Task prompt:
Go through the data below and repeat it exactly, skipping each picture.

Stored data:
---*---
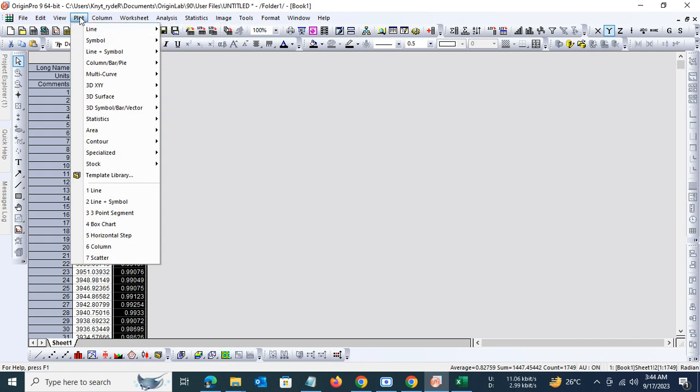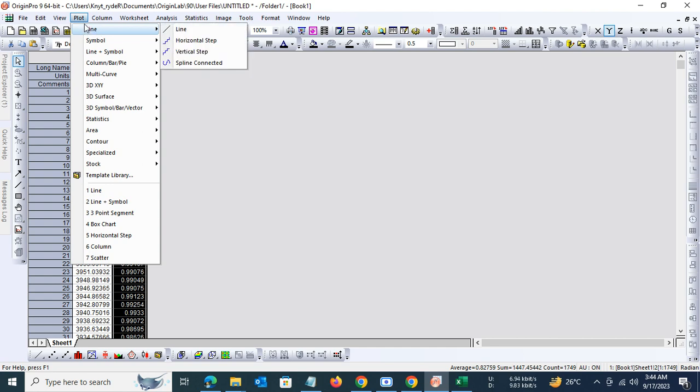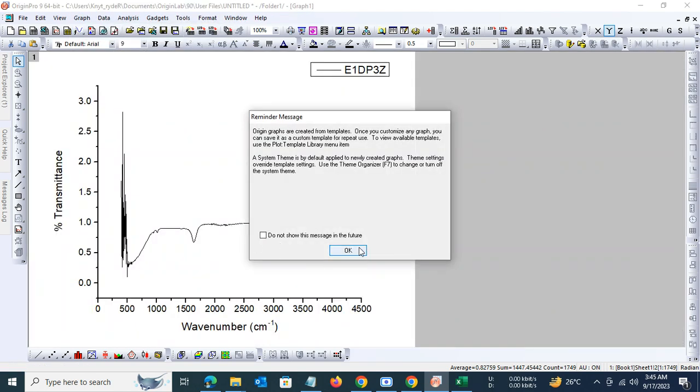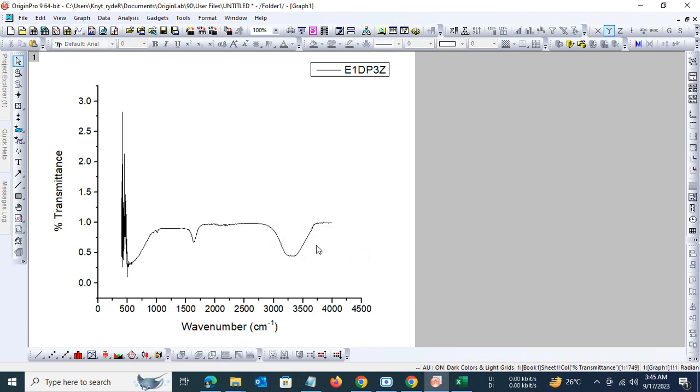Let us plot the spectra. We'll go to the Plot function, then go to Line and plot the graph. Now in the graph we see that the x-axis is running from zero on the left to 4500 on the right. This is not how IR spectral data is represented.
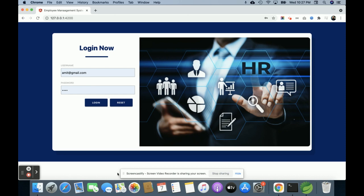Hello friends, welcome again. This is my new project: Employee Management System. I have developed this project in Java Spring Boot. For the back-end I have used Java Spring Boot microservices, and for the front-end I have used Angular. For the development environment I have used STS, the Spring Tool Suite.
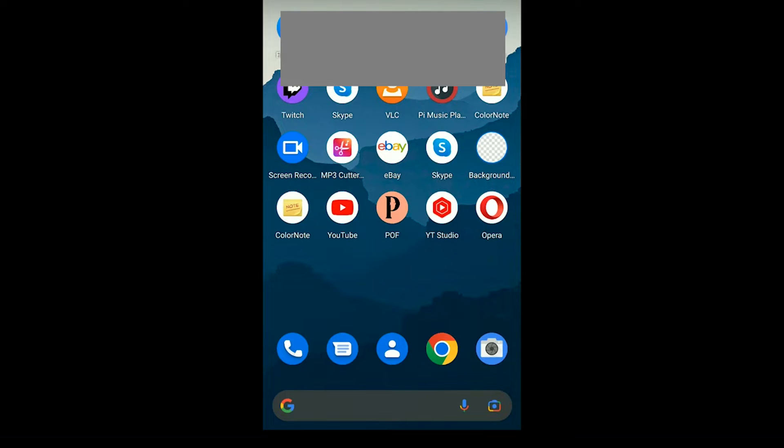Hello guys, in this video I'm going to show you how to delete a Plenty of Fish account on your Android phone.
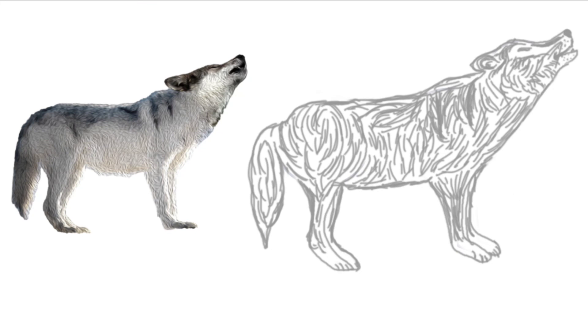And there you have it. There's the wonderful wolf, the drawing of the day. Hope you liked it. Bye.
---*---
The answer:
Let us plot the spectra. We'll go to the Plot function, then go to Line and plot the graph. Now in the graph we see that the x-axis is running from zero on the left to 4500 on the right. This is not how IR spectral data is represented.
Hello friends, welcome again. This is my new project: Employee Management System. I have developed this project in Java Spring Boot. For the back-end I have used Java Spring Boot microservices, and for the front-end I have used Angular. For the development environment I have used STS, the Spring Tool Suite.
Hello guys, in this video I'm going to show you how to delete a Plenty of Fish account on your Android phone.
And there you have it. There's the wonderful wolf, the drawing of the day. Hope you liked it. Bye.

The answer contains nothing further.